#### DATASET RECORDS
_ _ _ _ _

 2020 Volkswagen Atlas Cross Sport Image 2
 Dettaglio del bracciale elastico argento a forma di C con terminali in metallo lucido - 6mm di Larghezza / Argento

_ _ _ _ _

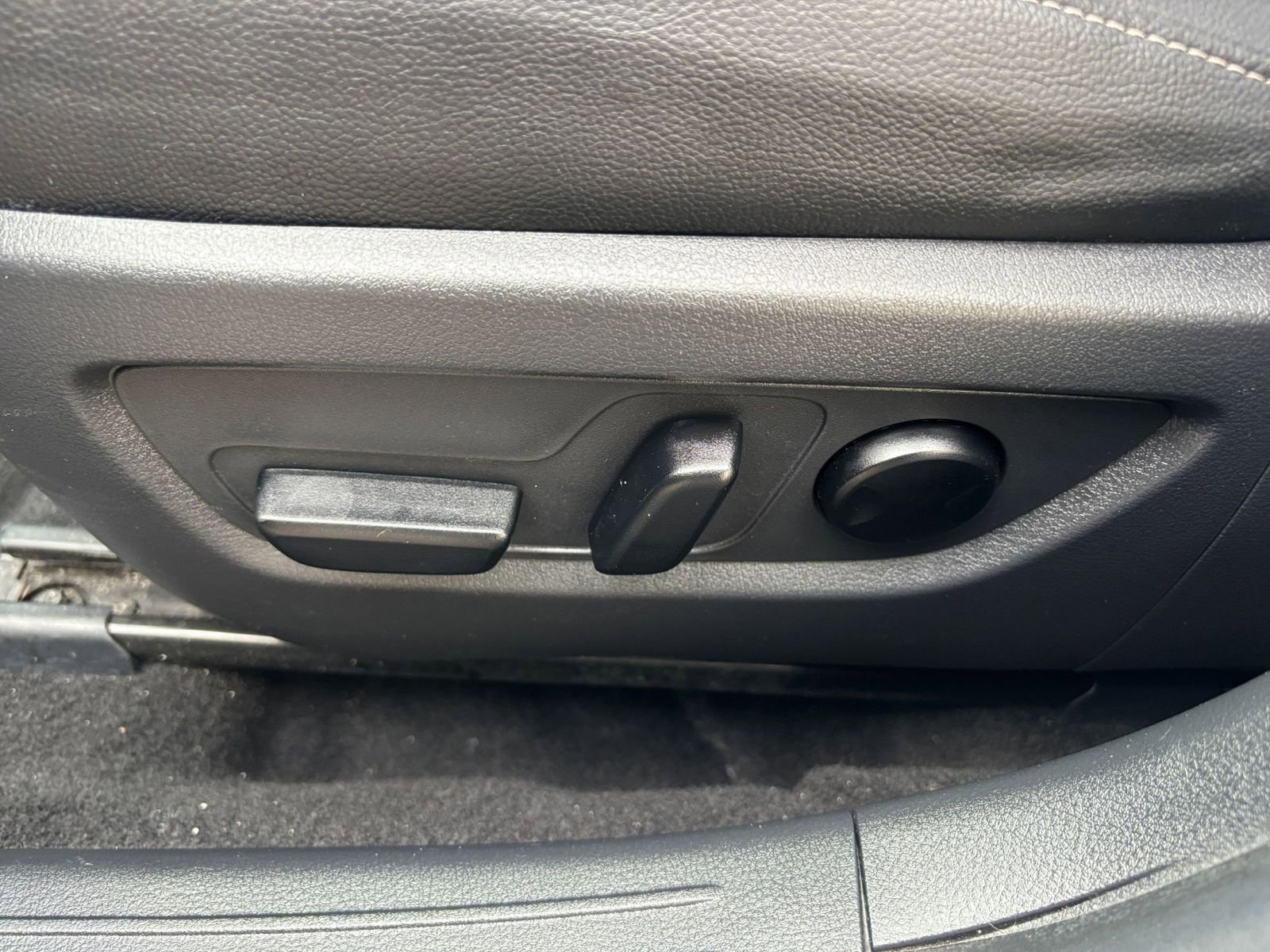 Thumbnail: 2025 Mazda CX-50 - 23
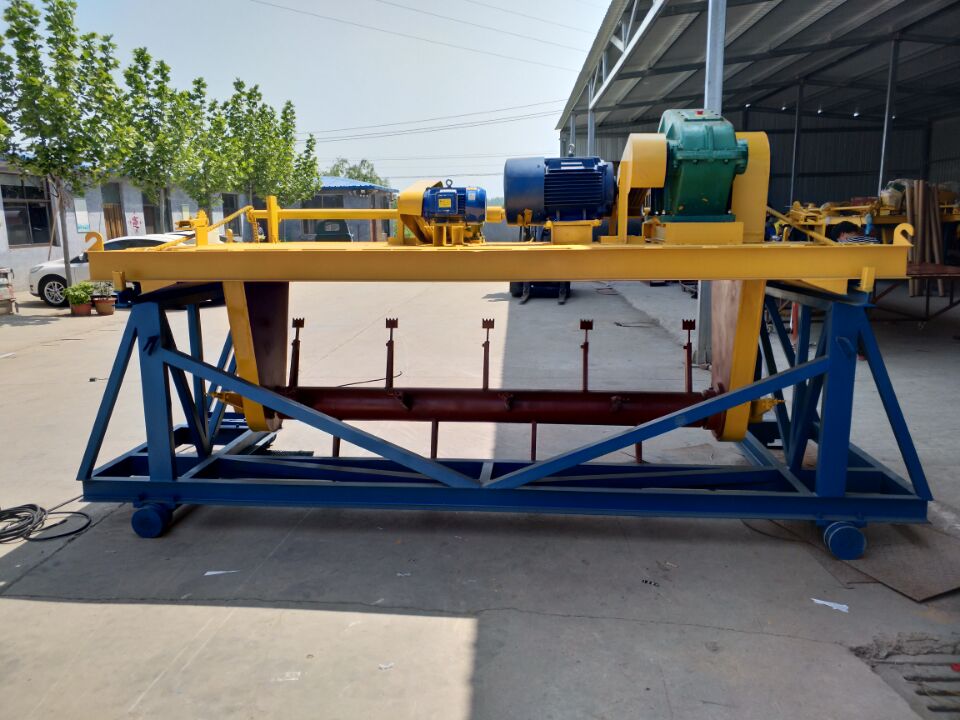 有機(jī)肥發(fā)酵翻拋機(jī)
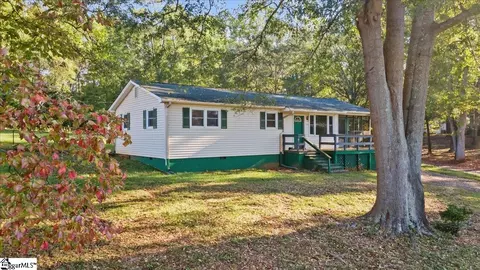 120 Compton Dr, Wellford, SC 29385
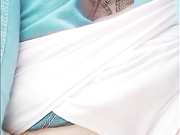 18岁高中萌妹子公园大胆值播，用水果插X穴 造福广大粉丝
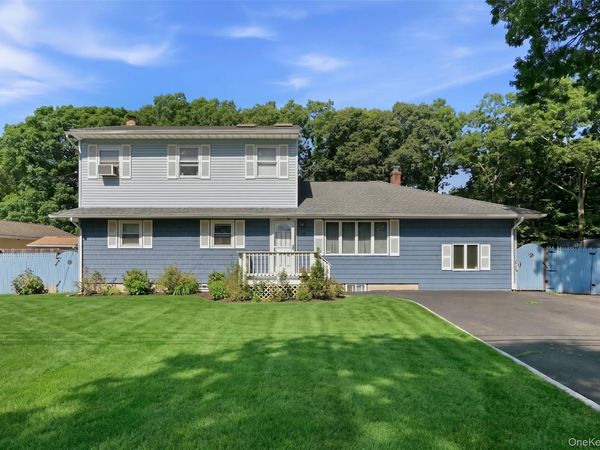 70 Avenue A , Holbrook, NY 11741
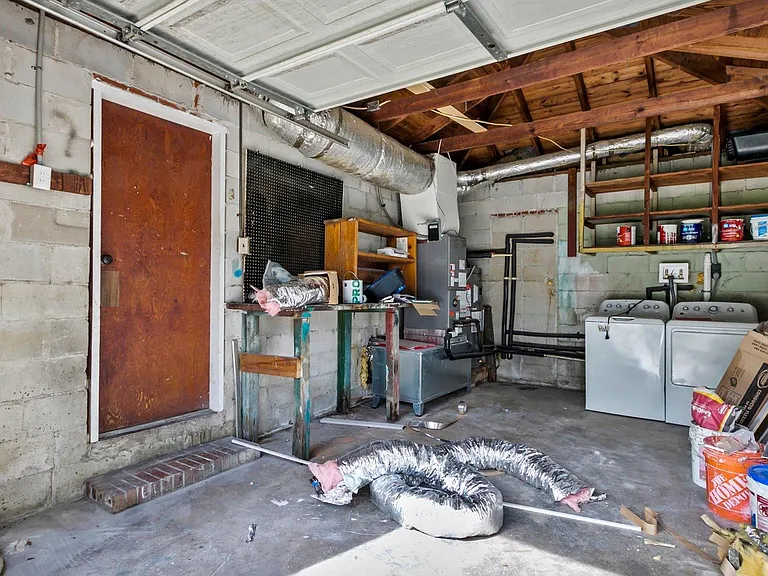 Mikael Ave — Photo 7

_ _ _ _ _

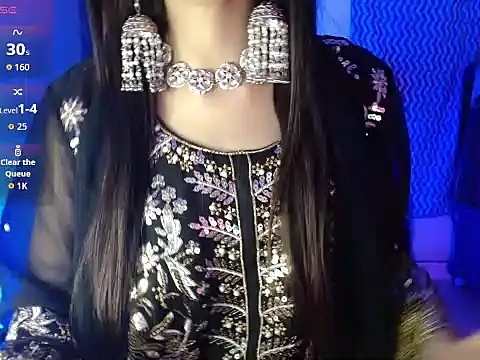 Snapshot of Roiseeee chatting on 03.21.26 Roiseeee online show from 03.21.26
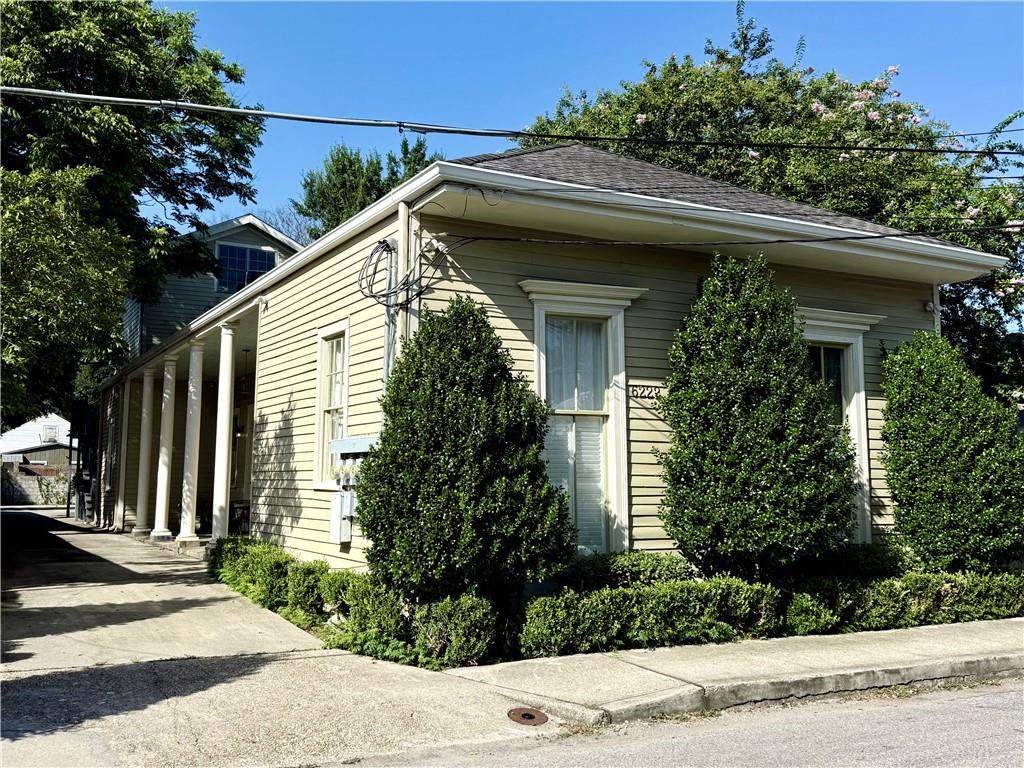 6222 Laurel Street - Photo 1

_ _ _ _ _

#### TASK
Find the line with "Snapshot of Roiseeee" and the line with "6222 Laurel Street - Photo 1" in the records above. Copy both and all lines between them exactly, without pictures.

#### ANSWER FOR THE TASK
 Snapshot of Roiseeee chatting on 03.21.26 Roiseeee online show from 03.21.26
 6222 Laurel Street - Photo 1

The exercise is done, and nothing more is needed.